### [How to complete this task]
Reproduce the records below exactly, but leave their pictures out of the copy.

### [Data for this task]

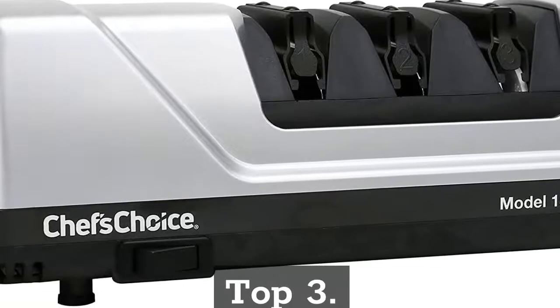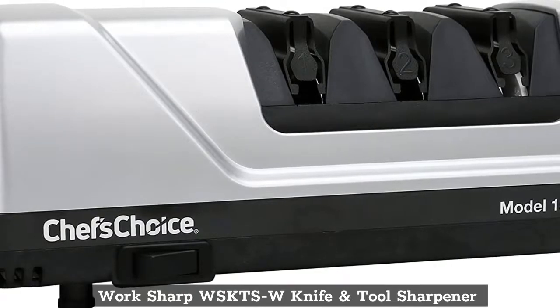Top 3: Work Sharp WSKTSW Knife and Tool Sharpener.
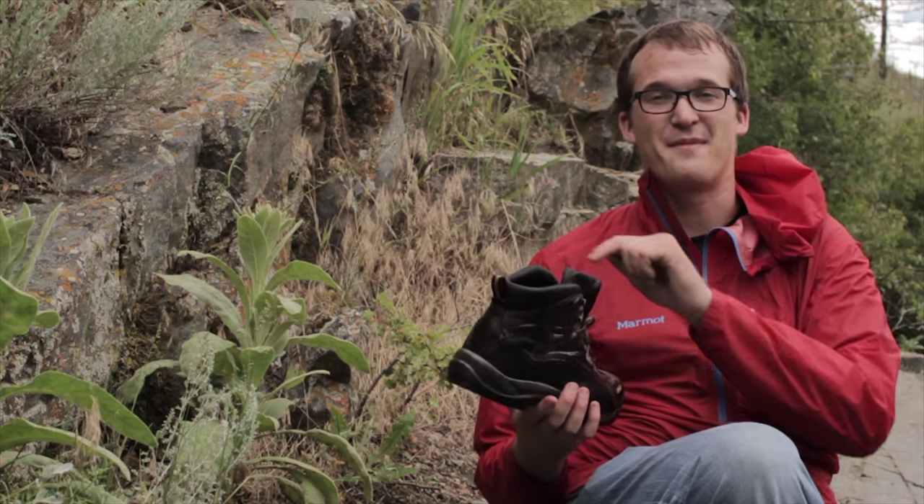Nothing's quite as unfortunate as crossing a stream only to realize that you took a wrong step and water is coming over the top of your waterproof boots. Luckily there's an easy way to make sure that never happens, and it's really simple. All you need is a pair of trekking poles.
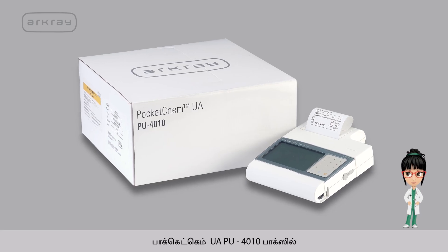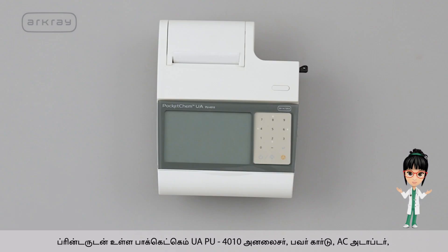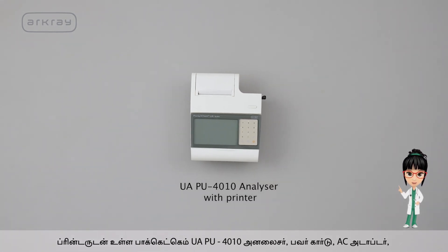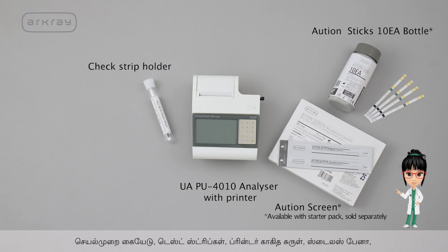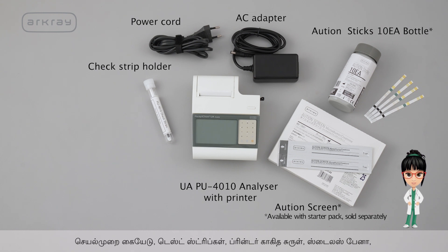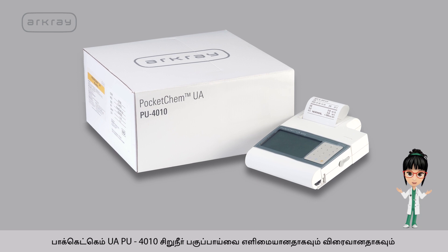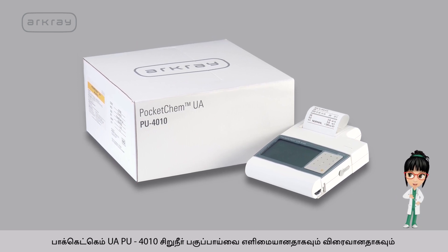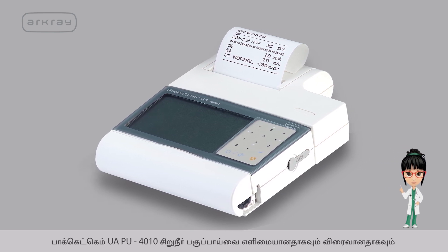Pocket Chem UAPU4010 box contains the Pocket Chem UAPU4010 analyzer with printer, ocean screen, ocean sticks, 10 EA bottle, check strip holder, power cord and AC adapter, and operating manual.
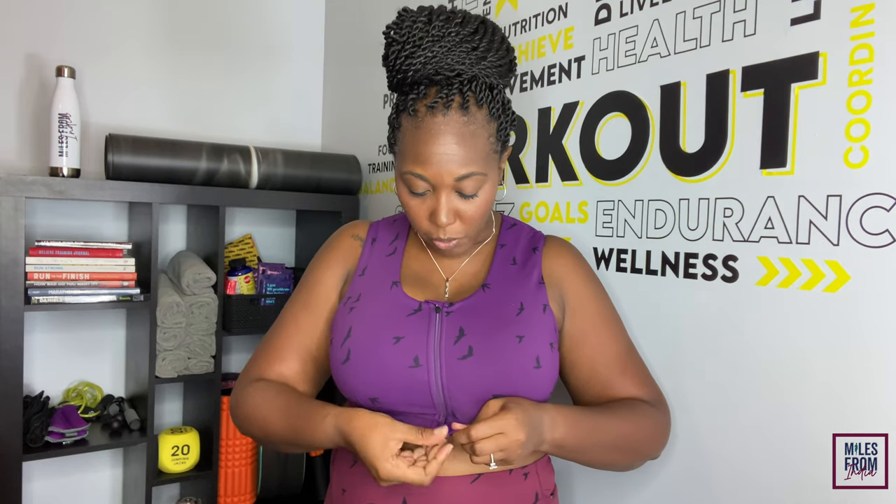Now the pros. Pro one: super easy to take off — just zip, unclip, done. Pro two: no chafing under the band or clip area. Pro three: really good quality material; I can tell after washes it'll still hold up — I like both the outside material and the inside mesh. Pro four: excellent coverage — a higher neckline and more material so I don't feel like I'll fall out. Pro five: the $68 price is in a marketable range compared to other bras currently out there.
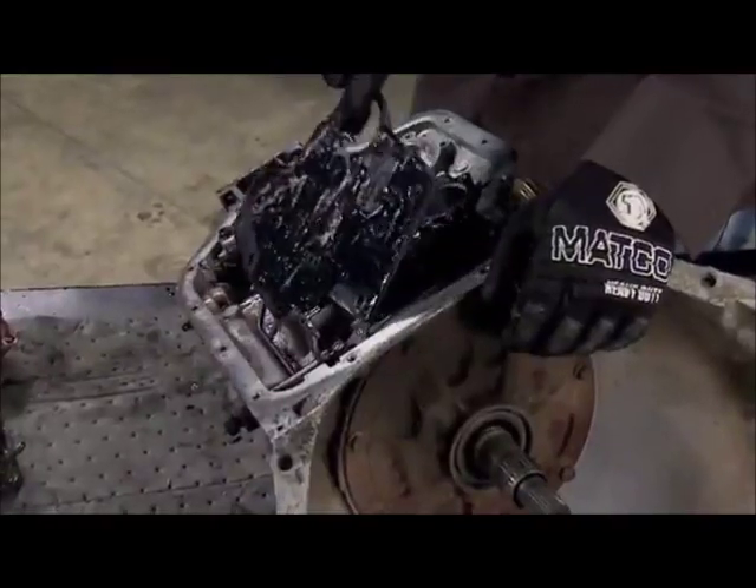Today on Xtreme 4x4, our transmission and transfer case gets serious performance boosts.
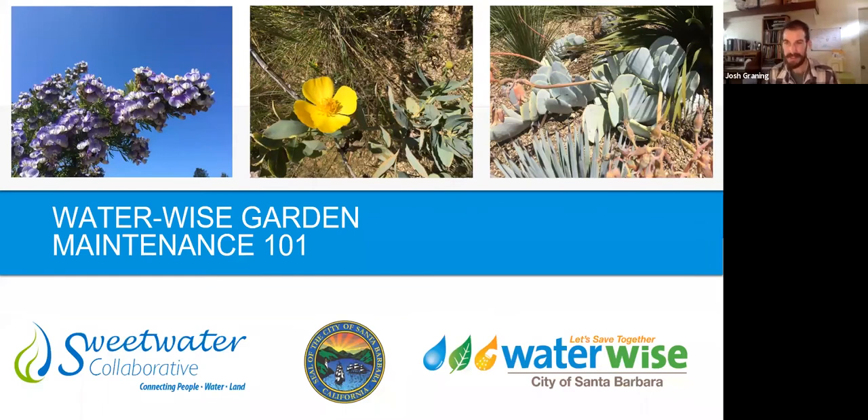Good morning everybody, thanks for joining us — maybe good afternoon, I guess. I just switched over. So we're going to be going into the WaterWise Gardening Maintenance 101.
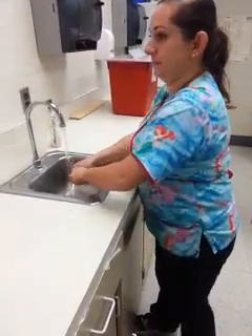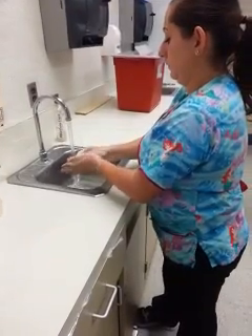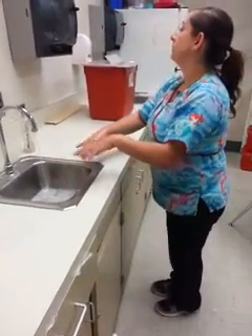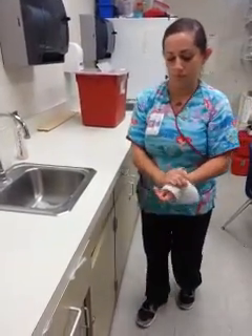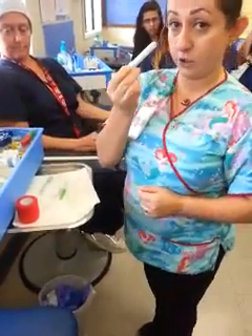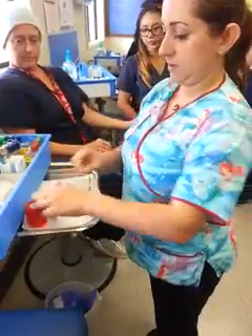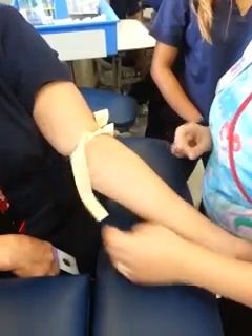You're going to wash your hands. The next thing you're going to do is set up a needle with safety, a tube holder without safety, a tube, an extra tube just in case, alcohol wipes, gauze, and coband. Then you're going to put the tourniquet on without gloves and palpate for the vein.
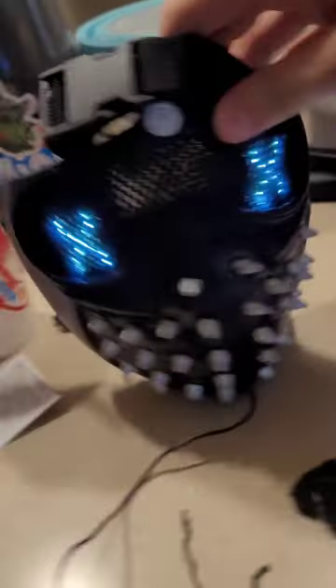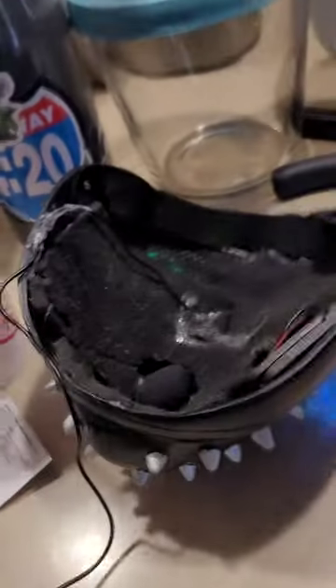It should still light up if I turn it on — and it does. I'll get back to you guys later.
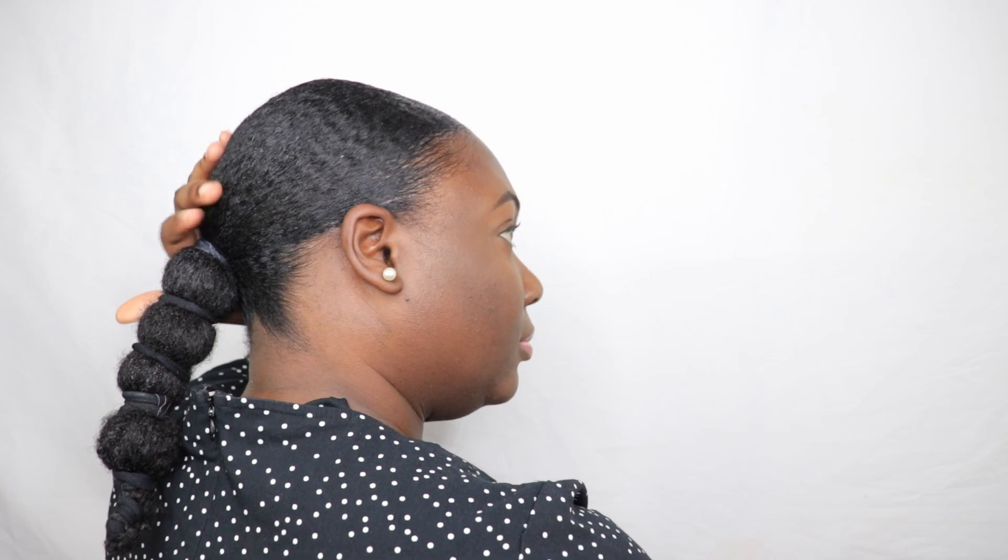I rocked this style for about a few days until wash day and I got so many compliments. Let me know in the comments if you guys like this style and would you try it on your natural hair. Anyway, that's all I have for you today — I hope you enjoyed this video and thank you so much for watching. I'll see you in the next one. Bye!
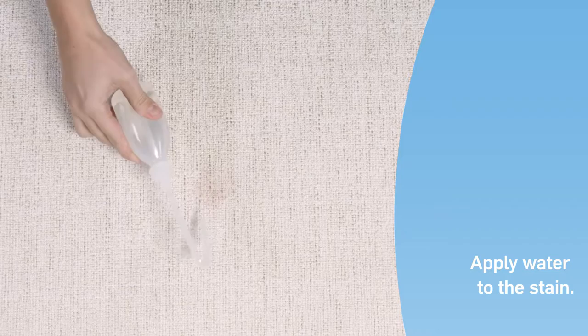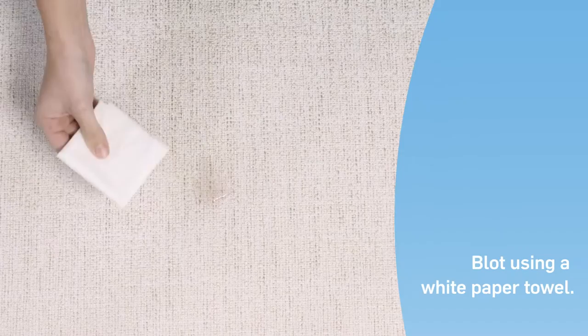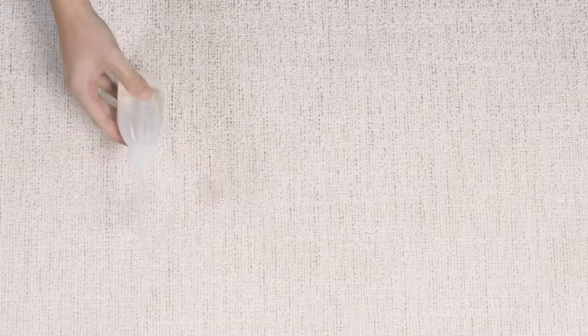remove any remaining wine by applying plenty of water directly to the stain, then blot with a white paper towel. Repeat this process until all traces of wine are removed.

### [Response to the exercise]
Top 3: Work Sharp WSKTSW Knife and Tool Sharpener.
Nothing's quite as unfortunate as crossing a stream only to realize that you took a wrong step and water is coming over the top of your waterproof boots. Luckily there's an easy way to make sure that never happens, and it's really simple. All you need is a pair of trekking poles.
Pocket Chem UAPU4010 box contains the Pocket Chem UAPU4010 analyzer with printer, ocean screen, ocean sticks, 10 EA bottle, check strip holder, power cord and AC adapter, and operating manual.
Now the pros. Pro one: super easy to take off — just zip, unclip, done. Pro two: no chafing under the band or clip area. Pro three: really good quality material; I can tell after washes it'll still hold up — I like both the outside material and the inside mesh. Pro four: excellent coverage — a higher neckline and more material so I don't feel like I'll fall out. Pro five: the $68 price is in a marketable range compared to other bras currently out there.
Today on Xtreme 4x4, our transmission and transfer case gets serious performance boosts.
Good morning everybody, thanks for joining us — maybe good afternoon, I guess. I just switched over. So we're going to be going into the WaterWise Gardening Maintenance 101.
You're going to wash your hands. The next thing you're going to do is set up a needle with safety, a tube holder without safety, a tube, an extra tube just in case, alcohol wipes, gauze, and coband. Then you're going to put the tourniquet on without gloves and palpate for the vein.
It should still light up if I turn it on — and it does. I'll get back to you guys later.
I rocked this style for about a few days until wash day and I got so many compliments. Let me know in the comments if you guys like this style and would you try it on your natural hair. Anyway, that's all I have for you today — I hope you enjoyed this video and thank you so much for watching. I'll see you in the next one. Bye!
remove any remaining wine by applying plenty of water directly to the stain, then blot with a white paper towel. Repeat this process until all traces of wine are removed.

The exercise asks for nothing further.